I recall one 3-week-long trip where the only locals we met were people we paid: tour guides and other such workers. We may as well have booked a hotel in our hometown. We travelled in massive packs, made sure no one got lost and everyone was comfortable, and never interacted with anyone with local eyes.

That’s the key. Traveling is about eyes. 

It’s about discovering a new set of eyes – those of a new culture – and rediscovering the purpose of eyes altogether. The goal is to discover that which you don’t know yet, and rediscovering what you’ve forgotten.

The best adventure I ever had was one in which I had virtually no plan for 2 weeks – just a train ticket to the very top of Scotland and an adventurous spirit.

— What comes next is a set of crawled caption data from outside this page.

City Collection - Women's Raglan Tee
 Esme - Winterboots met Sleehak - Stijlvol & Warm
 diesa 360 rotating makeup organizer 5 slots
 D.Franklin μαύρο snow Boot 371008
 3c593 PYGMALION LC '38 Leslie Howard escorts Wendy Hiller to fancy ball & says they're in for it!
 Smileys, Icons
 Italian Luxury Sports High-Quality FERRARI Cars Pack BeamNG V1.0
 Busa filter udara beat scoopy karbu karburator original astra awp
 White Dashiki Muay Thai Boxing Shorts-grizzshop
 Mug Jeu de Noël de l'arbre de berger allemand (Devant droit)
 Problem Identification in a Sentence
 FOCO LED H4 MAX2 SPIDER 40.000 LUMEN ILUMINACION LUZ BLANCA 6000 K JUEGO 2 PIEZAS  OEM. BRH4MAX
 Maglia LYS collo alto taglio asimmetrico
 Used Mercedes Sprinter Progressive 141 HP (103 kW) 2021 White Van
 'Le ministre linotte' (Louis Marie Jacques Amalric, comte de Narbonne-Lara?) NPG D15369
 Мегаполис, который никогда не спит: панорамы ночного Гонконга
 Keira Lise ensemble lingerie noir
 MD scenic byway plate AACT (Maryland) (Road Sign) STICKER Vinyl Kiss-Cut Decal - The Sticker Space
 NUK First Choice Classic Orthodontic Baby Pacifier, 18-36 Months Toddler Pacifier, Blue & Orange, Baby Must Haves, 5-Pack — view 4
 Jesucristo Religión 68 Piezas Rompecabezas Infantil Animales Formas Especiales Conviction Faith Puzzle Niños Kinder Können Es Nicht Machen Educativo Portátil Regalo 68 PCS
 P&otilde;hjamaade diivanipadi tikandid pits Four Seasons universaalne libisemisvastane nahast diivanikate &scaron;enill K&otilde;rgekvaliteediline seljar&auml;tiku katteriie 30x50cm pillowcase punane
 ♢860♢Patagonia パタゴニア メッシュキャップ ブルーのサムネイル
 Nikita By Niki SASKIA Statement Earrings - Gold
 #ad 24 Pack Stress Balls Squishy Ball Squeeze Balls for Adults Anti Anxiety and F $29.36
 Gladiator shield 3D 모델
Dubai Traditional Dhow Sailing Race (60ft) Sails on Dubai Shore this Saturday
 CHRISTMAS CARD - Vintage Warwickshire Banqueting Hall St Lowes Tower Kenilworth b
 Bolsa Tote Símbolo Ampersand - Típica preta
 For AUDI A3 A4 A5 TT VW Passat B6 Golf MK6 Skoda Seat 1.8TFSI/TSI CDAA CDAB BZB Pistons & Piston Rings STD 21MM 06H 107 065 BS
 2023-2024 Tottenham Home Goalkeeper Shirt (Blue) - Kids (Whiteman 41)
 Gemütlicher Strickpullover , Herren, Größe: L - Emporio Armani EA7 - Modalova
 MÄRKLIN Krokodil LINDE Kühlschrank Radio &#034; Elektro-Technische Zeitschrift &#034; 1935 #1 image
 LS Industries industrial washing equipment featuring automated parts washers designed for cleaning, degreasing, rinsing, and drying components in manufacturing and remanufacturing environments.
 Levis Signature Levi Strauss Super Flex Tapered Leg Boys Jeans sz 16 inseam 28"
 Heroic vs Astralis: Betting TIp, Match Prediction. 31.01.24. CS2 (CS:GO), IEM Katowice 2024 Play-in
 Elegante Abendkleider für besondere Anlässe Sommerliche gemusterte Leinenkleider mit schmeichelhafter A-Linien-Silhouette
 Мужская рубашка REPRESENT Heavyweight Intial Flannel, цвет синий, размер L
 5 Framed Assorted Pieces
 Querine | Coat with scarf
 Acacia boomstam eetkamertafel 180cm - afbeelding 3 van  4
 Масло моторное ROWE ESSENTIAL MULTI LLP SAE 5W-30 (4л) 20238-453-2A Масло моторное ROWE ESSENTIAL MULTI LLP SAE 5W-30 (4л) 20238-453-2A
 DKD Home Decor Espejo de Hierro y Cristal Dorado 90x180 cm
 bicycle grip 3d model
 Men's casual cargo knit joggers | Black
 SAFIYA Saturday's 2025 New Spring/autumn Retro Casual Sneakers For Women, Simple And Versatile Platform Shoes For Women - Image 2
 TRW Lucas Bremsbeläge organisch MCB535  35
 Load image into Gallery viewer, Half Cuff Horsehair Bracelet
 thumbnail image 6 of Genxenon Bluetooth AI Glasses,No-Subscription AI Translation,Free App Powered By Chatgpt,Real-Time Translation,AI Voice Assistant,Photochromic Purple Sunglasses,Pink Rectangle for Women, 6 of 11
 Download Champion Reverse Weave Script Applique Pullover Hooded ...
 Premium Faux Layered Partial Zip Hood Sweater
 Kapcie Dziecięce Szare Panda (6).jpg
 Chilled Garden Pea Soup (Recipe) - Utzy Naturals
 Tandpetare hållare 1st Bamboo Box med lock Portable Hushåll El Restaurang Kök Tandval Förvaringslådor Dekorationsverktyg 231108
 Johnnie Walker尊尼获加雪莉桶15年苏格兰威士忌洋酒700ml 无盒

I ended up hosting several people from the home of newly-made friends who left town and left me their home, I drank with Vikings (the closest possible thing in the modern day), I camped with a Spaniard, swapped poems with an angel (so I believe) named Mary,and walked away more full of life than ever. I came home and found that I had new eyes, and I could see once again.

 

I slowed down for a few weeks, turned my eyes away from screens and toward humanity, lived the life of a scot, and saw. I discovered a new culture that was beautiful and so different than anything I’d ever known.

And when I came home, all of my friendships were better for it. I saw these incredible people that I had taken for granted as humans once again. They seemed strange and amazing and I was so glad to discover how blind I had become.

Below is a song I wrote about my time in Scotland.

I’m not saying you have to go as far as I did – traveling alone and sleeping on the couches of strangers – but do make sure that next time you travel you leave a bit of space for messiness, perhaps a little discomfort, and dependency on locals. A good way to do this is linked below. It’s how I met the family I’m staying with in Spain tonight. Consider it for your next adventure. 🙂

Just make sure you don’t miss the purpose of travel and fail to discover your eyes.